Shock & Awe
With change at the economic margin beginning to improve (e.g. recent U.S. payrolls, durable goods orders and manufacturing PMI), investors are beginning to see cyclical elements of the equity market improve. Oil prices are now up year-to-date, energy and industrials are all of a sudden outperforming the broader market, and financials, which so far this year have pulled up the rear, are starting to get a bid. We have continued to espouse a belief that the U.S. economy is not going into a recession this year and, as China exercises fiscal and monetary powers to keep growth afloat in the world’s second largest economy, all eyes this week turned to Europe. Investors everywhere expected monetary largesse from the European Central Bank, and ECB President Mario Draghi did not disappoint.
Ready, Fire, Aim
Although the expected reaction in equities was delayed, the risk-on nature of today’s market reflects heavy artillery unveiled by the ECB. Monthly QE increased by 20 billion euros, QE extended into the realm of corporate debt, and a further (albeit tempered) reduction in the central bank deposit rate to -0.40 percent formed the crux of ECB actions unveiled to stimulate lending in a deflationary European economy. Going into the ECB meeting, currency traders almost universally expected the euro to weaken on forecast expansion of the European monetary base, so we could only chuckle when, of course, the euro rose yesterday! We see puts and takes regarding the dollar price of the euro, but the fact that Europe’s central bank will be buying more government and now company-issued debt is an unalloyed positive for Europe’s economy and global risk-facing assets in general.

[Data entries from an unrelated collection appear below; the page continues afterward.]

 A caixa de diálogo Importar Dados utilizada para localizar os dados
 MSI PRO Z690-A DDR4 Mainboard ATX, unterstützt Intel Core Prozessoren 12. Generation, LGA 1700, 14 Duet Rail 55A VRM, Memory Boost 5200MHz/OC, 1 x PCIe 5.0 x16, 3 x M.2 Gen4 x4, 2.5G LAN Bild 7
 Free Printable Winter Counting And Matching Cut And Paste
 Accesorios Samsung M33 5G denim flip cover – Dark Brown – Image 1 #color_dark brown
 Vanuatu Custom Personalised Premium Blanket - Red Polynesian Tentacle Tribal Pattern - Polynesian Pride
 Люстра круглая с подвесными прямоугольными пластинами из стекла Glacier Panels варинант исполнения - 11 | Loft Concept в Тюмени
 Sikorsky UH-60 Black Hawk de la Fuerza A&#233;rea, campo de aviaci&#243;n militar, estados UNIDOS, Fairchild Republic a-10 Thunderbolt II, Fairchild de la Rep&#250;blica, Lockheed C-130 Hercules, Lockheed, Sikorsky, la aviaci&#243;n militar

The Dawn of a New Bull Market
Believe it or not, benchmark oil is now up 4 percent so far this year and, by commonly accepted definition, has now entered a new bull market, up 47 percent from its February 11 low reached exactly one month ago. We are on record as having stated that $30 oil in 2016 makes as little sense to us as $150 oil did in 2008. With U.S. production rolling over at a faster rate, China guiding 2016 production down by 4 percent, Mexican production in decline and Iran being the only nation with material new volumes to offset declining non-OPEC production, the low price for oil this cycle appears to be in the rearview. The other key component – demand – is buttressed by easy monetary policy in key developed economies and $2 gas prices that have SUVs and trucks flying off dealer lots. Decreasing supply and increasing demand are key to oil markets rebalancing this year. Notwithstanding efficiency gains realized by U.S. producers, a global oil market with relatively little excess productive capacity should push oil toward the marginal cost of production, which we peg at somewhere between $70 and $80/barrel.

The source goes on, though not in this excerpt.